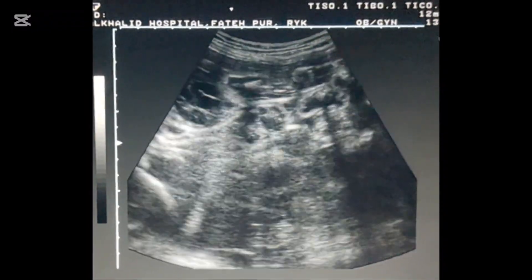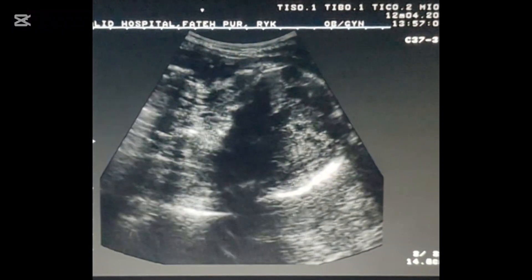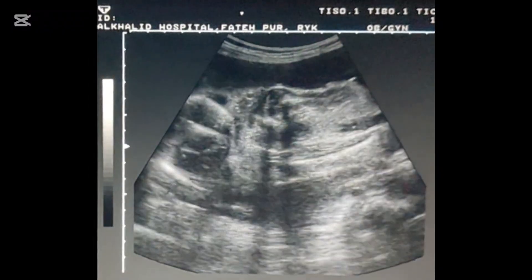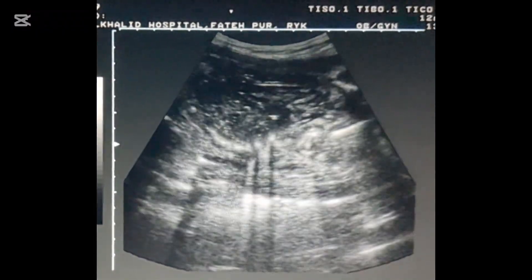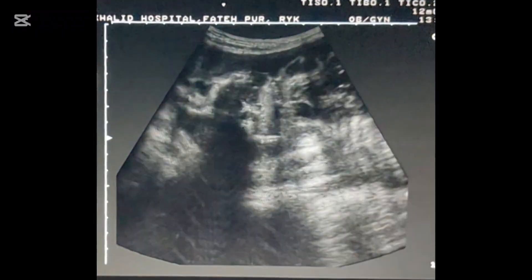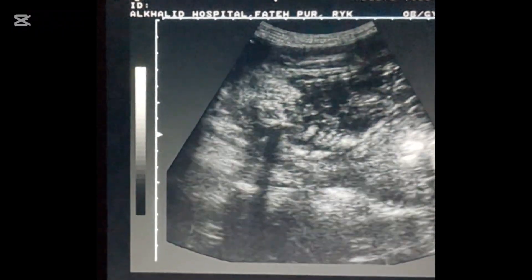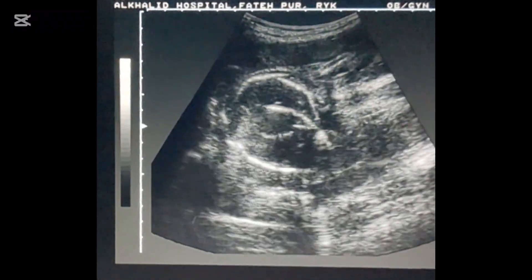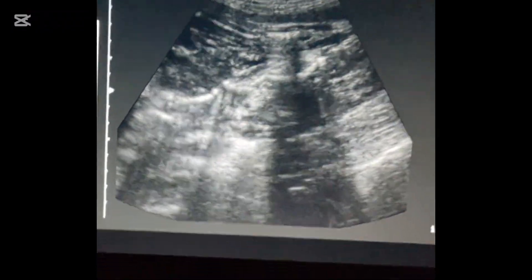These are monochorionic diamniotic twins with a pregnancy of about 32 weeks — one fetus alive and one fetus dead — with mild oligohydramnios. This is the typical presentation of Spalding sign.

...

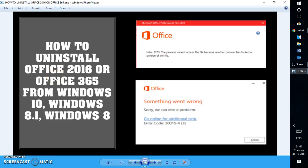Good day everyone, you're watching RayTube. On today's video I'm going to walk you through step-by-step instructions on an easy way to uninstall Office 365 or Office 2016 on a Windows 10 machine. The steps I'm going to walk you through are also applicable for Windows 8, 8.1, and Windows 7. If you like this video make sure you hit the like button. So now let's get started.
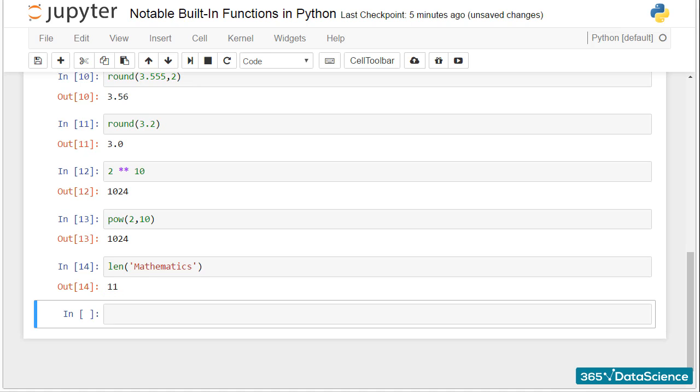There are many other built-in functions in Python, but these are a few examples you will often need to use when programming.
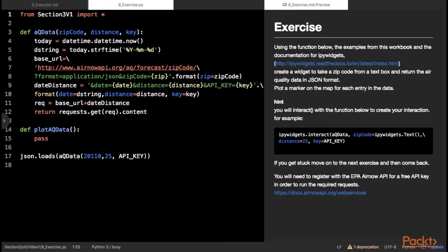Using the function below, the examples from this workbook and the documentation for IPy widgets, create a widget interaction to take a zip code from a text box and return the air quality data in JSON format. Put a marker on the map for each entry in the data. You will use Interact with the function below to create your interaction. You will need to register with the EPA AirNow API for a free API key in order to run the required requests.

> Work required: Return exactly the part of the listing above that opens with the line containing "Good day everyone, you're" and closes with the line containing "There are many". Pictures stay out.

> Answer space:
Good day everyone, you're watching RayTube. On today's video I'm going to walk you through step-by-step instructions on an easy way to uninstall Office 365 or Office 2016 on a Windows 10 machine. The steps I'm going to walk you through are also applicable for Windows 8, 8.1, and Windows 7. If you like this video make sure you hit the like button. So now let's get started.
There are many other built-in functions in Python, but these are a few examples you will often need to use when programming.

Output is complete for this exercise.